━━ Data in this exercise

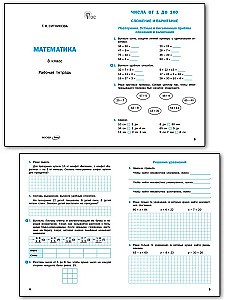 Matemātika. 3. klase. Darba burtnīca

━━━━
━━ Data in this exercise

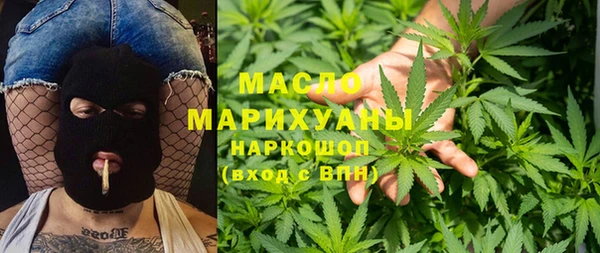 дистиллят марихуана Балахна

━━━━
━━ Data in this exercise

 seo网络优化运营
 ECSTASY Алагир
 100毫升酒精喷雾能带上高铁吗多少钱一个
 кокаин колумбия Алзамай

━━━━

**Task to complete**:
Can you repeat, word for word, every line above from the one containing "ECSTASY Алагир" down to the one containing "кокаин колумбия Алзамай", including both?

**Solution below**:
 ECSTASY Алагир
 100毫升酒精喷雾能带上高铁吗多少钱一个
 кокаин колумбия Алзамай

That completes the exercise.